Od strony technicznej jest to mokry sen każdego fana kina kopanego. Cudnie sfotografowane, niegardzące długimi ujęciami i niebanalnymi ustawieniami kadru, montowane z głową i wyreżyserowane z żelazną konsekwencją. Sceny akcji są tym razem jeszcze lepsze, powtarzają to, co już znamy z pierwszej części: dosadny, krwawy, imponujący od strony wizualnej popis możliwości ludzkiej woli i ciała, ale tym razem zostają podniesione do potęgi w pełnych rozmachu sekwencjach grupowych mordobić. Zasysanie powietrza przy obserwowaniu co bardziej brutalnych ciosów i osuwanie się na skraj fotela są więc czynnościami nieobcymi odbiorcy. Najfajniejsze oczywiście pozostają i tak klasyczne pojedynki jeden na jeden, ewentualnie jeden na dwóch (a czasem trzech, czterech, dziewięciu…). Evans wprowadził do filmu wielu charakternych wojowników, z których każdy z osobna potrafi magnetyzować uwagę widza, więc gdy pojawiają się razem na ekranie dochodzi do małej implozji wszechświata. Odrobinę jednak przedobrzono, bo w przypadku dwóch postaci niebezpiecznie otarto się o niezamierzenie parodystyczne efekciarstwo (dość powiedzieć, że na liście płac widnieją jako Hammer Girl i Baseball Bat Man), ale sceny z ich udziałem są tak fajne, że ciężko na to kręcić nosem.
Wspomniałem wcześniej o efekcie kuli śniegowej.
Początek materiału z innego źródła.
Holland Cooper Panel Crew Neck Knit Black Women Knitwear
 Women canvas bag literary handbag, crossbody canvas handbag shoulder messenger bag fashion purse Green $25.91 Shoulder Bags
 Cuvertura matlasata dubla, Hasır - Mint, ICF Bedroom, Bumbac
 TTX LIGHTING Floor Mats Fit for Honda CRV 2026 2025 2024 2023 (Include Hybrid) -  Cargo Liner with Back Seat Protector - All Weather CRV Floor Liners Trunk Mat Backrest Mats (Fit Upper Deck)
Reżyser przez cały film dba o to, żeby widz za długo nie pozostawał bez widoku łamanych kończyn, ale tym razem podarował sobie więcej czasu na dialogi (o co nietrudno gdy film trwa 150 minut) i próby zgłębienia psychiki bohaterów. Nie popada jednak w zbytnią opisowość, przez ekran przewija się cała galeria postaci o intrygujących cechach charakterystycznych (głuchoniema dziewczyna z poharataną gałką oczną, kaleki mafioso hinduskiego pochodzenia, doświadczony zabójca na zlecenie z niejasną sytuacją rodzinną), których genezy jednak nie poznajemy. Cierpliwość miłośników wyczerpującego tempa poprzedniej części zostaje nagrodzona w ostatnich kilkudziesięciu minutach filmu. Reżyser zaczyna od mocnego tąpnięcia w postaci serii skoordynowanych krwawych zamachów, a później jest już tylko coraz lepiej: pościg samochodowy połączony ze strzelaniną i bójką we wnętrzu jednego z aut oraz klasyczna akcja – sam przeciwko wszystkim w budynku, poprzedzająca finałowy pojedynek na pięści z największym twardzielem oraz… a, może nie będę zdradzać wszystkiego. Dzieje się, oj dzieje…
„The Raid 2: Berandal” jest najlepszym, co miłośnicy kina akcji otrzymają w tym roku. Fabuła trochę niedomaga, bo utkana jest z klisz, ale reżyser przędzie ją z gracją, stylowo, nie jest w stanie opowiedzieć widzowi niczego nowego, więc zamiast tego stawia na wysoką jakość samego procesu opowiadania. Ale to naprawdę nieważne, wszakże ten film nie powstał dla miłośników pobudzającego intelektualnie refleksyjnego kina zemsty czy też poruszających opowieści o dylematach moralnych policjanta pracującego pod przykrywką. To jedynie przyprawa do dania głównego: mięsistych sekwencji mordobicia. Spragnieni tychże będą się po filmie głupawo uśmiechać przez resztę dnia. W swoim gatunku – ekstraklasa.